Microsoft Cloud Germany is different to the company's existing European cloud services: the customer data in the datacenters is under the control of a "data trustee", T-Systems International, which is an independent German company and subsidiary of Deutsche Telekom.
Microsoft's cloud and enterprise corporate vice president Takeshi Numoto described the new datacenters as a "first-of-its-kind model".
Microsoft cannot access data at the sites without the permission of customers or the data trustee -- and if permission is granted by the latter, the company can only do so under its supervision.
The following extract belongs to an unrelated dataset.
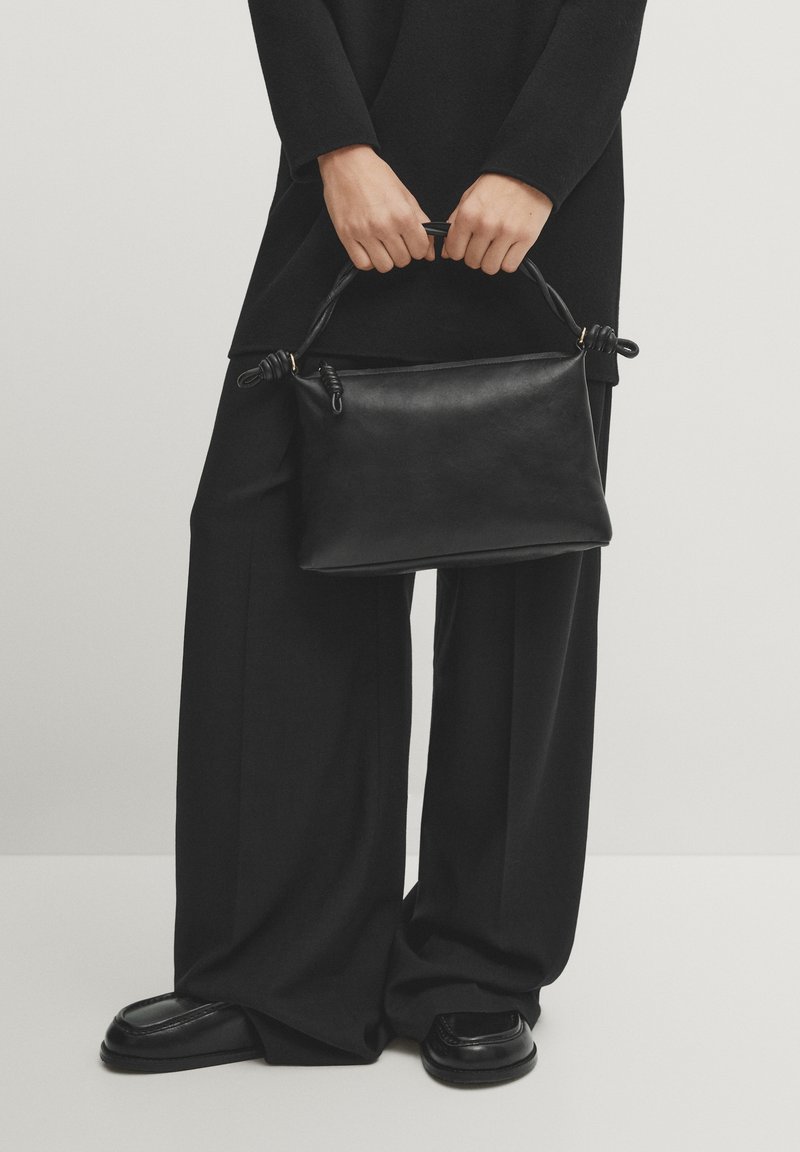 Personne portant un pantalon large noir et des chaussures tient un sac à main en cuir noir avec une poignée torsadée devant un fond uni.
As a US company, there have been concerns that US law enforcement can request access to Microsoft customer data even if it's stored outside the US.
Microsoft's new arrangement may go some way towards reducing those concerns: according to the company, the new datacenters will increase opportunities for innovation "for highly regulated partners and customers operating in Germany, the European Union and the European Free Trade Association".
Microsoft said the commercial cloud services in these datacenters adhere to German data-handling regulations and give customers additional choices over how and where data is processed. When the service was announced late last year, Microsoft said that two datacenter regions in Germany would ensure business continuity, with data exchange through a private network to ensure that data remained in Germany.
"With Microsoft Cloud Germany, we will be able to use a cloud solution that meets our compliance restrictions and allows us to use innovative applications to improve our processes," said Dr Sebastian Saxe, CIO at Hamburg Port Authority.
Microsoft said it now has 30 Azure regions around the world. The availability of Azure in Germany will be followed by previews of Office 365 and Dynamics 365 later this year, and the general availability of Office 365 in the first quarter and Dynamics 365 in the first half of 2017. Earlier this month Microsoft officially opened two new cloud regions in the UK, offering Azure and Office 365 from multiple datacenter locations in the UK for the first time.